Symbols make the world go ’round.
In addition to being more memorable, symbols speed up the transmission of messages. “They’re quicker to interpret,” says designer Jacob Obermiller. “What would be five words could instead be a symbol that you can interpret automatically. Take a stop sign with its red octagon. You don’t even have to read the word stop, you just see the shape and color, and you know.” Speed matters when you’re driving on the highway, but it also matters when you’re browsing a website and need to find what you’re looking for fast.
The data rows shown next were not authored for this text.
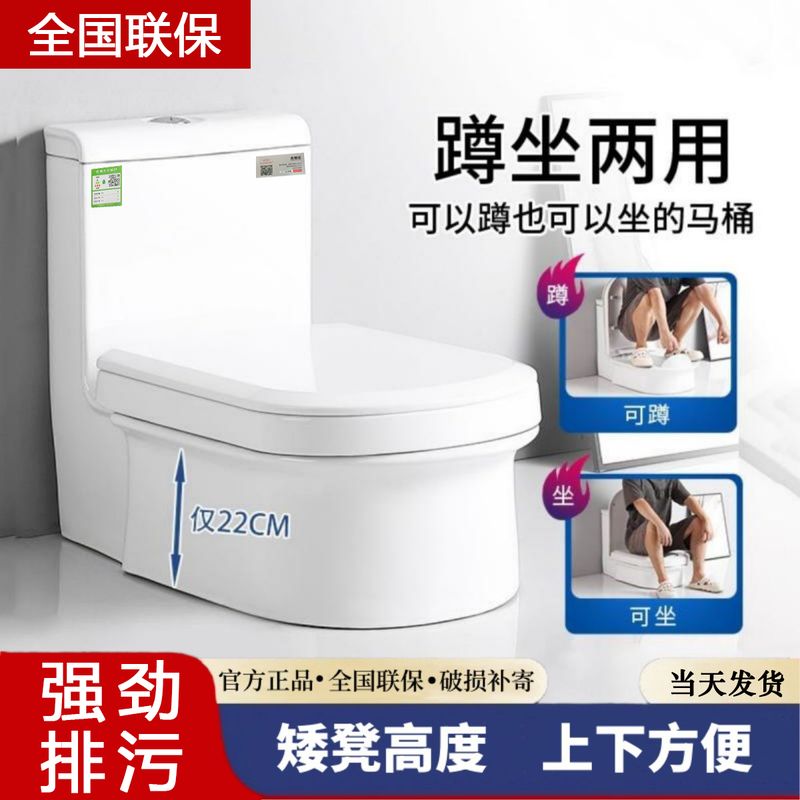 蹲坐两用马桶防臭台式蹲便器免砌台改造双用蹲坑直冲坐便一体水箱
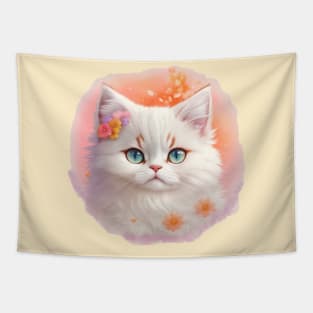 Sweet Persian Kitten: Blossoming Fantasy World in Floral Harmony Tapestry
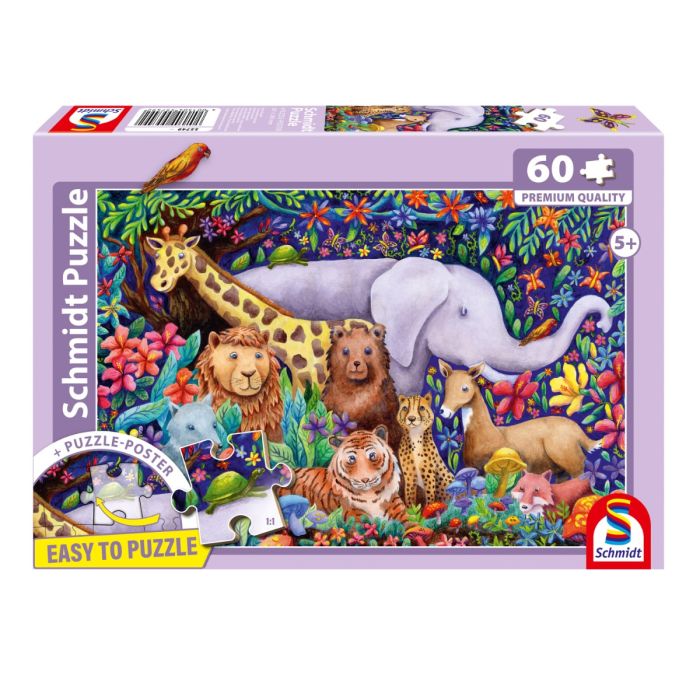 Verpackungsvorderseite aus einem anderen Blickwinkel vom Artikel 55749, Bunte Tierwelt, 60 Teile Kinderpuzzle Verpackungsvorderseite aus einem anderen Blickwinkel vom Artikel 55749, Bunte Tierwelt, 60 Teile Kinderpuzzle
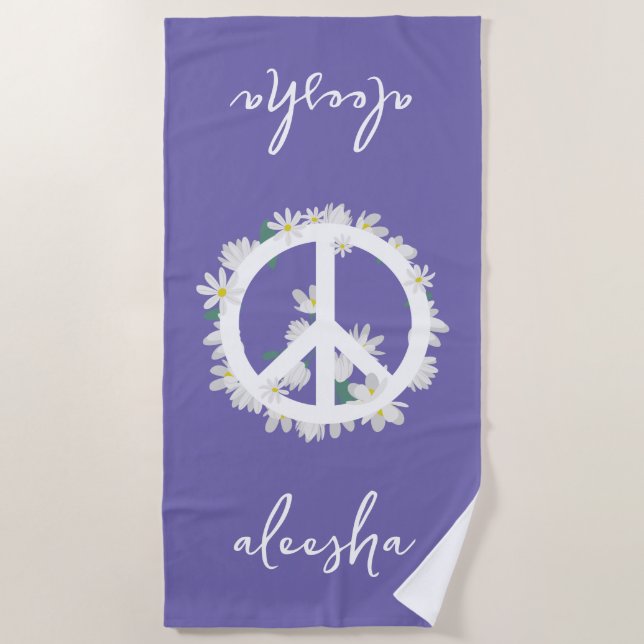 Tropical Floral Peace Sign Personalized Purple Beach Towel (Front)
Symbols also create a universal language that can be understood by people from around the world. Restroom signs, currency symbols, and public transportation signs use symbols for this reason. A traveler in a foreign country would easily be lost without these types of visual guideposts to point them in the right direction.
Experimentation is key.
As you set out to design a symbol, be ready to embrace trial and error as part of the process. “A lot of it is abstracting your shapes and pushing and pulling them to see how you can make a new shape that still reads clearly,” says Newman. Make lots of concepts and rapid iterations, and don’t worry about perfection. Give yourself the freedom to try anything that comes to mind; you might surprise yourself in the process.
To get started, look at different icon designs for inspiration. Sites like Behance are a great way to discover new ideas and designers. “But don’t get too sucked into looking at other people’s work,” advises Newman. “Do what feels right to you. And don’t be obsessed with emulating what is popular right now. You’ll ultimately have a design that’s uniquely yours if you’re not constantly referencing other people’s work.”